▸ INFORMATION SUPPLIED:

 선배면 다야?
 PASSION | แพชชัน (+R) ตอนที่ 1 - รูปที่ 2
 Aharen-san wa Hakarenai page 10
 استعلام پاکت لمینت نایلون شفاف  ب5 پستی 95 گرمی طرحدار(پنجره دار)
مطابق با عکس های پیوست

...

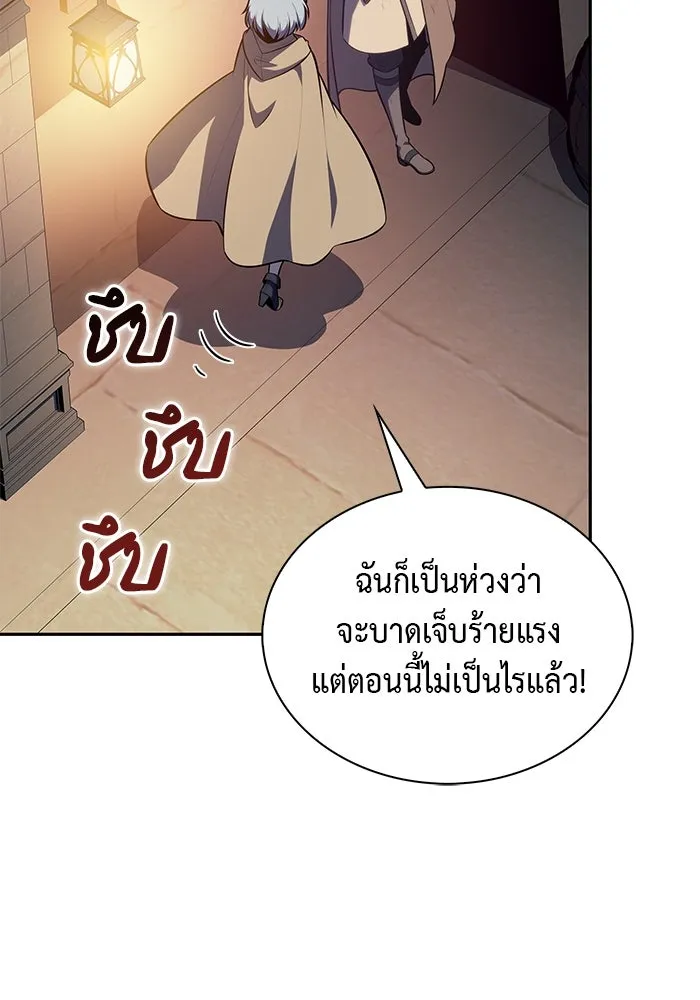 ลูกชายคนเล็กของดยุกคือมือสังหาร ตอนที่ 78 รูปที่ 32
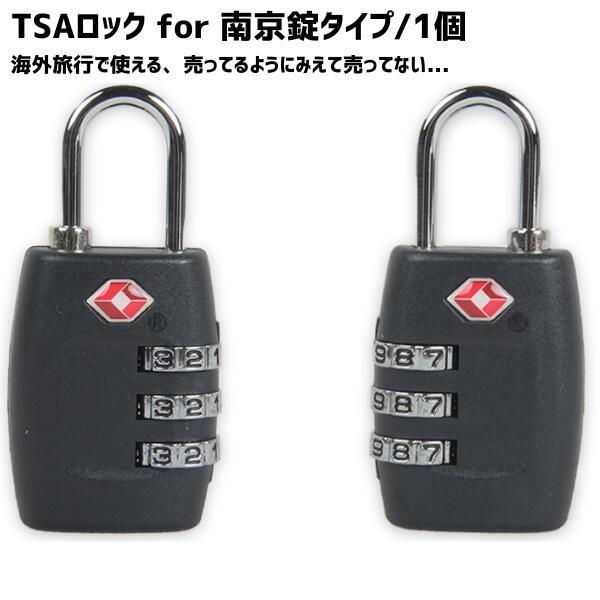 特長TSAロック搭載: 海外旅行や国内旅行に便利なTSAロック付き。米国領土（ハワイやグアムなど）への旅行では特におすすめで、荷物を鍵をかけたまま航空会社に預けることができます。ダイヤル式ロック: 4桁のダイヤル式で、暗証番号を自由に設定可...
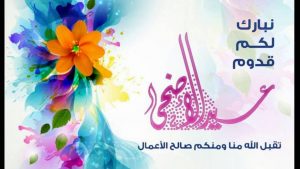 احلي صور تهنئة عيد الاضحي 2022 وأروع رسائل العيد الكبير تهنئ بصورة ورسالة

▸ TASK GOAL: Restate word for word the lines in the material above from the one with "Aharen-san wa Hakarenai page 10" to the one with "مطابق با عکس های پیوست"; both of those lines count, and nothing else does.

▸ EXERCISE OUTPUT:
 Aharen-san wa Hakarenai page 10
 استعلام پاکت لمینت نایلون شفاف  ب5 پستی 95 گرمی طرحدار(پنجره دار)
مطابق با عکس های پیوست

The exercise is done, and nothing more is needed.